COLLECTED MATERIAL =>
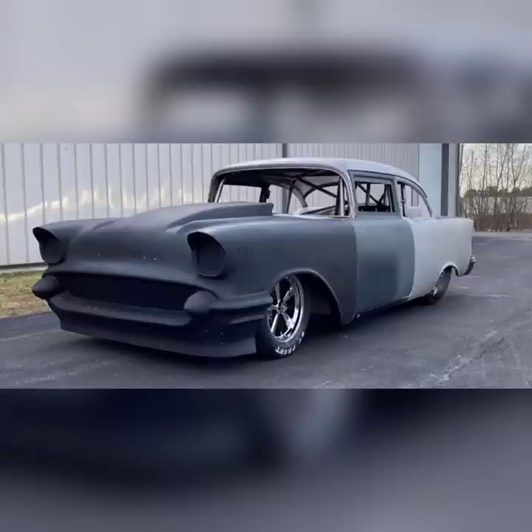And the new car, obviously, is very light, it's going to be very fast, and it's going to run on the street. It's basically going to be a replacement for the yellow 57, and this car will be yellow as well. So, can't wait to see it done — let's see how Jeff Lutz does in 2023.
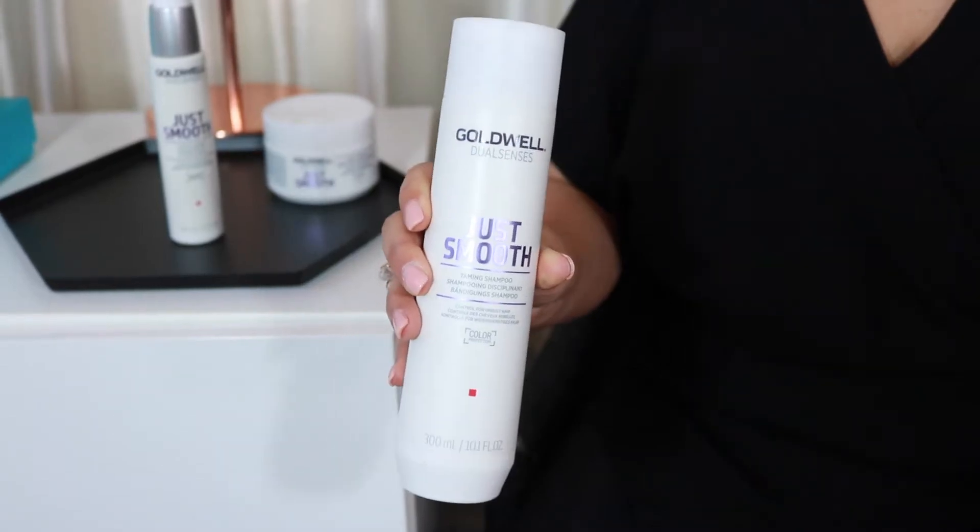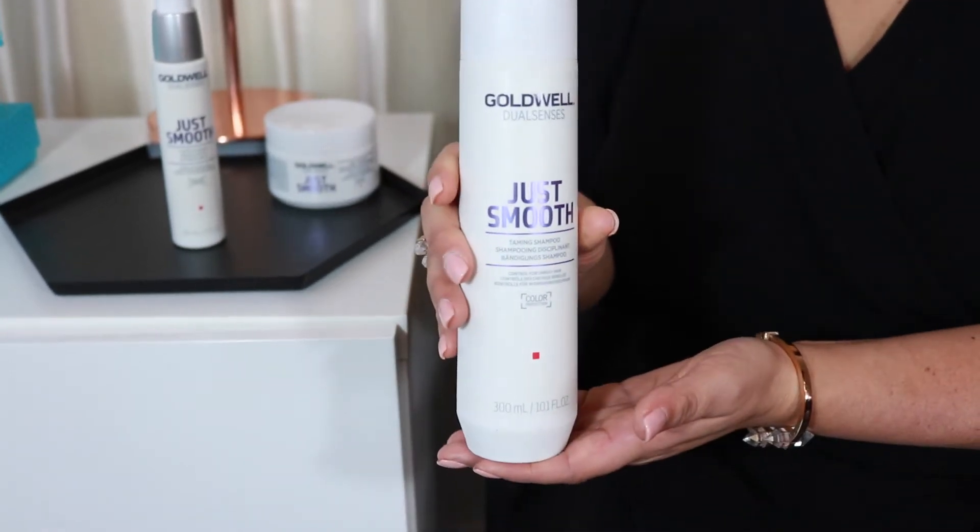I started with the shampoo. The first thing I noticed was the smell — it's beautiful, absolutely gorgeous, and the smell really lingers in your hair. It's a very lightweight cleanser and it really doesn't weigh your hair down.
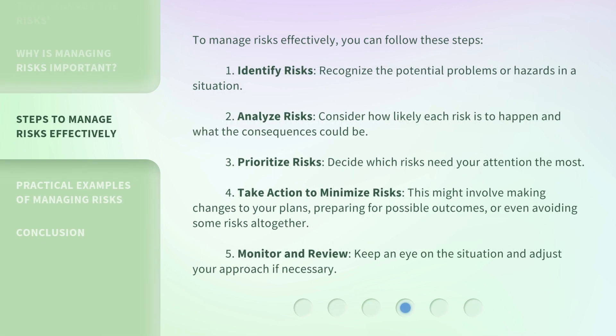To manage risks effectively, you can follow these steps. This might involve making changes to your plans, preparing for possible outcomes, or even avoiding some risks altogether. Step 5: Monitor and review — keep an eye on the situation and adjust your approach if necessary.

TASK =>
Print exactly what appears from the first line of the listing above down to the line containing "I started with", inclusive, and leave out all pictures.

OUTPUT FOR THIS TASK =>
And the new car, obviously, is very light, it's going to be very fast, and it's going to run on the street. It's basically going to be a replacement for the yellow 57, and this car will be yellow as well. So, can't wait to see it done — let's see how Jeff Lutz does in 2023.
I started with the shampoo. The first thing I noticed was the smell — it's beautiful, absolutely gorgeous, and the smell really lingers in your hair. It's a very lightweight cleanser and it really doesn't weigh your hair down.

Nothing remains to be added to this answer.